Namun terkadang kita perlu musibah untuk mengubah pola pikir, gaya hidup,
dalam bergaul dengan sesama. Seperti yang dituturkan Muhammad Iqbal,
“ketegangan membuat orang lebih kreatif dan produktif. Karena ketidak pastian
adalah bagian dari kesenangan.”
Penderitaan dan Metamorfosis Pertumbuhan
• Ketika Allah
yang Maha baik itu menurunkan penderitaan berupa kesulitan dan kesusahan hidup
kepada kita. Peristiwa itu adalah upaya Allah mendorong kita agar terus tumbuh
dan berkembang menuju kematangan pikiran, jiwa, dan raga.
• Kebahagiaan
tidak mungkin diperoleh dengan jalan mudah serta berpangku tangan.
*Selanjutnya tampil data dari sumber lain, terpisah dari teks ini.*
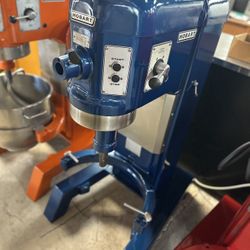 Used 60qt Dough Mixer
Hanya
melalui proses penderitaan dan kesedihan, emosi akan dikuatkan, visi akan
dijernihkan, dan Kebahagian akan direngkuh. (Hellen Keller)
• Kebahagiaan
kita dambakan, namun seringkali kita gagal mengambil pelajaran dari
peristiwa itu. Kesedihan menyakitkan, namun seringkali kita berhasil
memetik pelajaran dari peristiwa itu,
sehingga kita dapat menjadikan hidup ini lebih bermakna dan berarti. Seperti
yang dituturkan Muhammad Iqbal, “Ketegangan membuat orang lebih kreatif dan
produktif. Karena ketidak pastian adalah bagian dari kesenangan.”